*ABOUT THIS EXERCISE*
Set down the data below from its first line to the line holding "Classic Fire Sfeerhaard", inclusive; omit all pictures.

Pictures with short captions:
★ ★ ★ ★

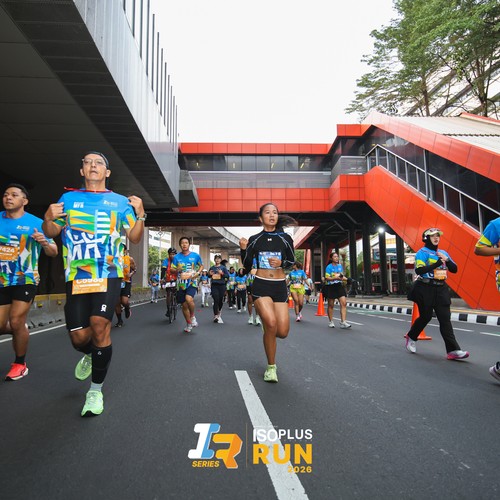 Race photo from ISOPLUS RUN 2026 - JAKARTA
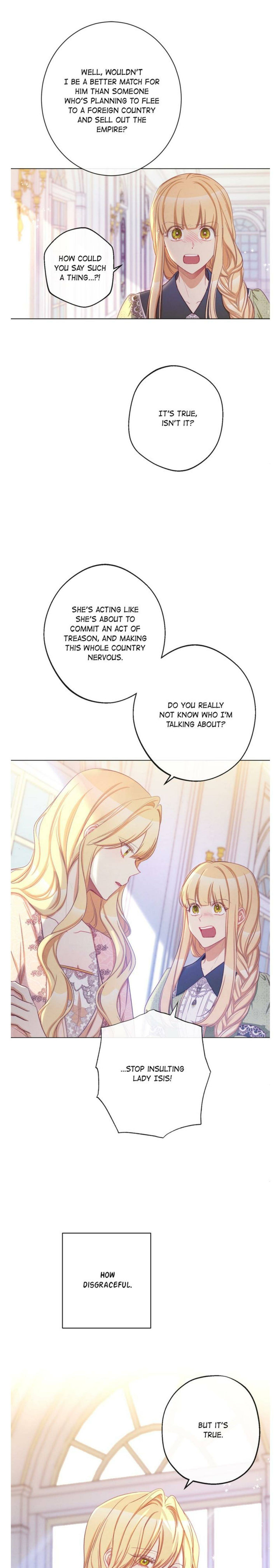 The Villainess Reverses the Hourglass Chapter 60 - Page 11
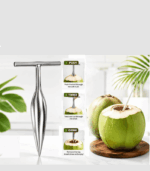 Premium Stainless Steel Coconut Opener - ( PACK-2) - Image 3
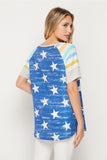 Stars & Stripes Raglan Top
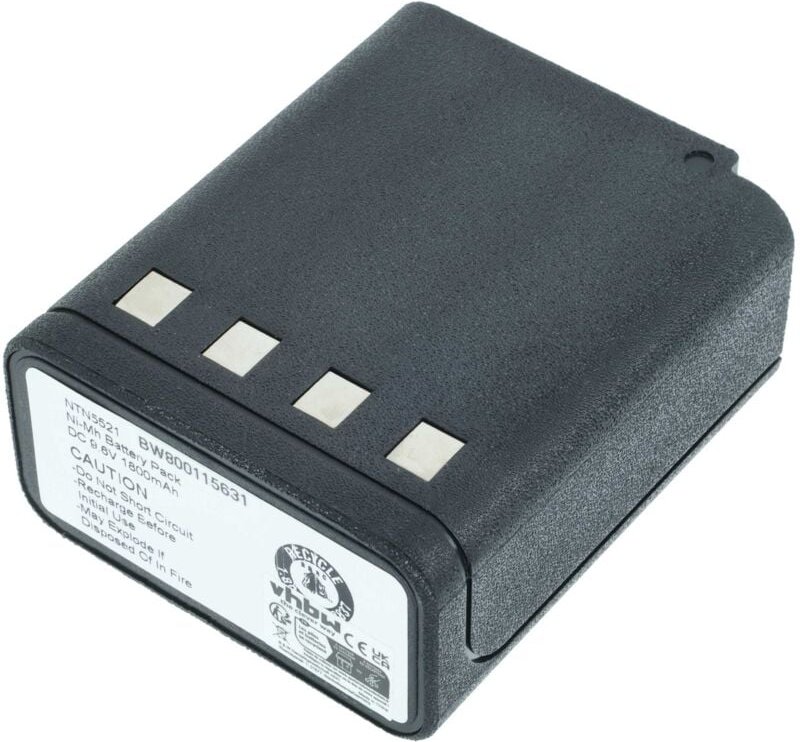 Vhbw - Akku kompatibel mit Bullard bst, bsx Wärmebildkamera (1800mAh, 9,6V, NiMH)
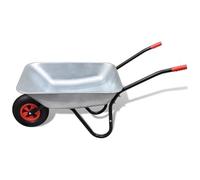 vidaXL - Carriola Per Giardinaggio Con Una Ruota 80 L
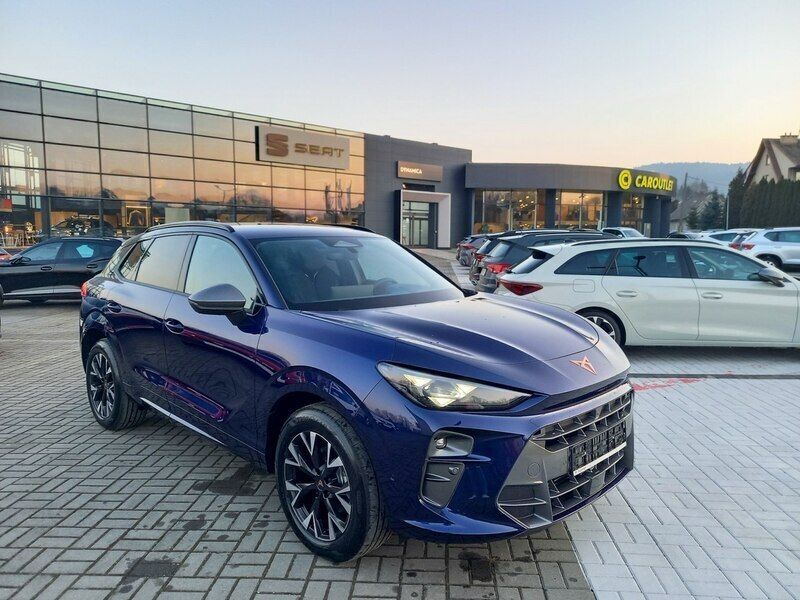 Używany Cupra Terramar 150 KM (110 kW) 2024 Niebieski (metalik) SUV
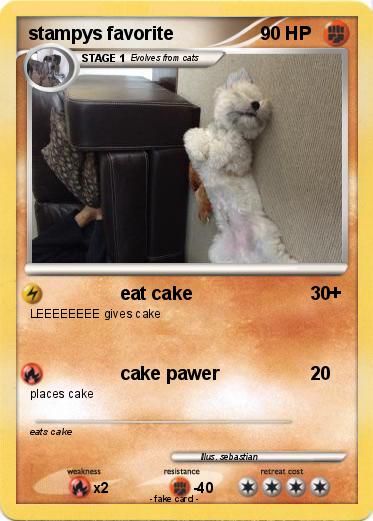 Pokemon stampys favorite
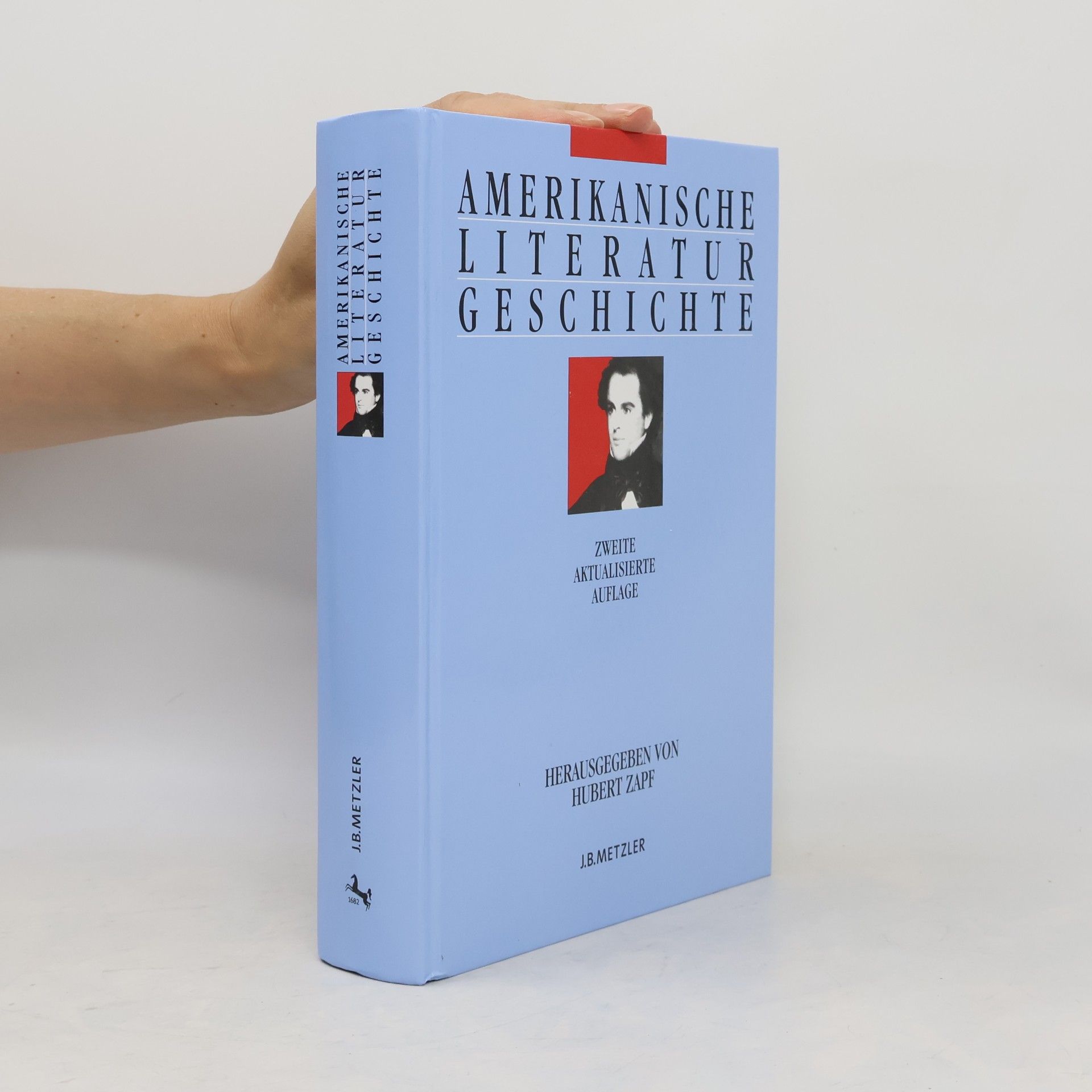 Hubert Zapf Amerikanische Literaturgeschichte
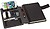 Porta notas carchivo venture din a5 com suporte para smartphone caderno cor cinza Porta notas carchivo venture din a5 com suporte para smartphone caderno cor cinza 23015007 - imagem 4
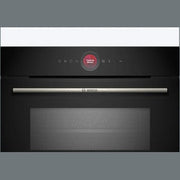 Bosch Series 8 Built-in compact oven with microwave function - Black | CMG7241B1B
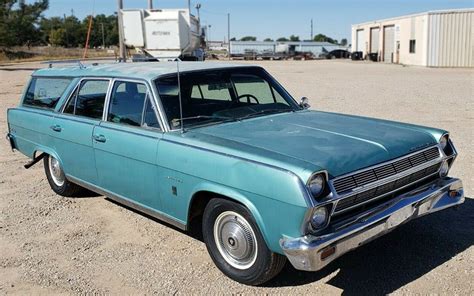 Rambler Ambassador Wagon Barn Finds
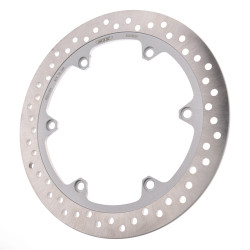 MTX Performance Brake Disc Rear Solid Round Honda MD1163  01096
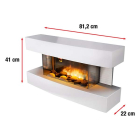 Classic Fire Sfeerhaard | Alpina (2000W, Met schouw, Ruimtes tot 20 m²) 871125224943 K170101242 - 7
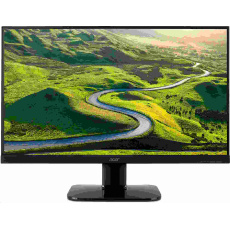 ACER LCD KA270HBbid - 69cm (27") IPS LED,1920x1080,100M:1,300cd/m2,178°/178°,4ms,VGA,DVI,HDMI,VESA,FlickerLess ACER LCD KA270HBbid - 69cm (27") IPS LED,1920x1080,100M:1,300cd/m2,178°/178°,4ms,VGA,DVI,HDMI,VESA,FlickerLess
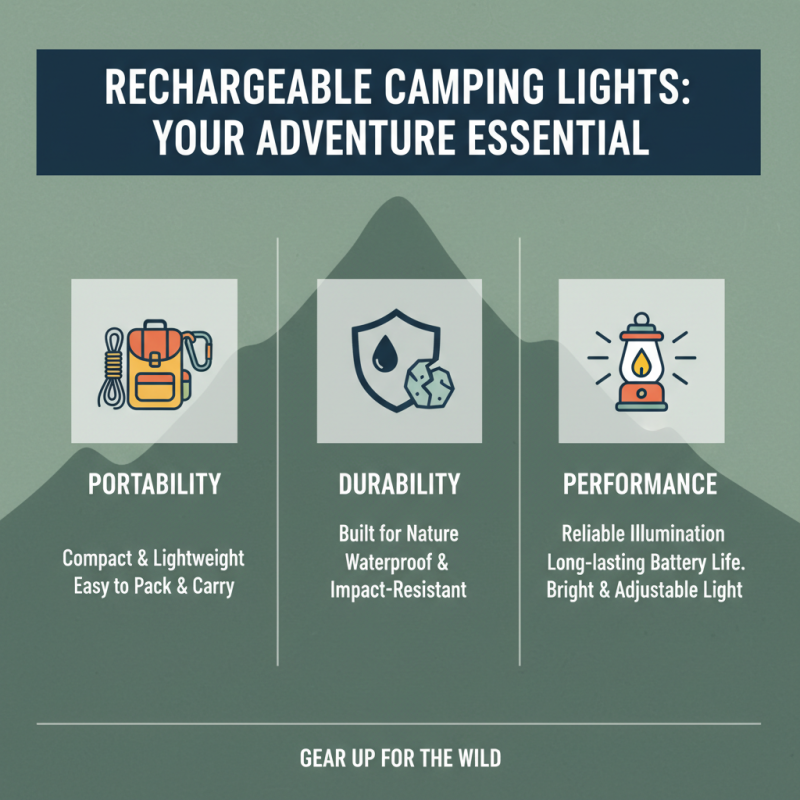 The Best Rechargeable Camping Light for Your Outdoor Adventures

★ ★ ★ ★

*SOLUTION BELOW*
 Race photo from ISOPLUS RUN 2026 - JAKARTA
 The Villainess Reverses the Hourglass Chapter 60 - Page 11
 Premium Stainless Steel Coconut Opener - ( PACK-2) - Image 3
 Stars & Stripes Raglan Top
 Vhbw - Akku kompatibel mit Bullard bst, bsx Wärmebildkamera (1800mAh, 9,6V, NiMH)
 vidaXL - Carriola Per Giardinaggio Con Una Ruota 80 L
 Używany Cupra Terramar 150 KM (110 kW) 2024 Niebieski (metalik) SUV
 Pokemon stampys favorite
 Hubert Zapf Amerikanische Literaturgeschichte
 Porta notas carchivo venture din a5 com suporte para smartphone caderno cor cinza Porta notas carchivo venture din a5 com suporte para smartphone caderno cor cinza 23015007 - imagem 4
 Bosch Series 8 Built-in compact oven with microwave function - Black | CMG7241B1B
 Rambler Ambassador Wagon Barn Finds
 MTX Performance Brake Disc Rear Solid Round Honda MD1163  01096
 Classic Fire Sfeerhaard | Alpina (2000W, Met schouw, Ruimtes tot 20 m²) 871125224943 K170101242 - 7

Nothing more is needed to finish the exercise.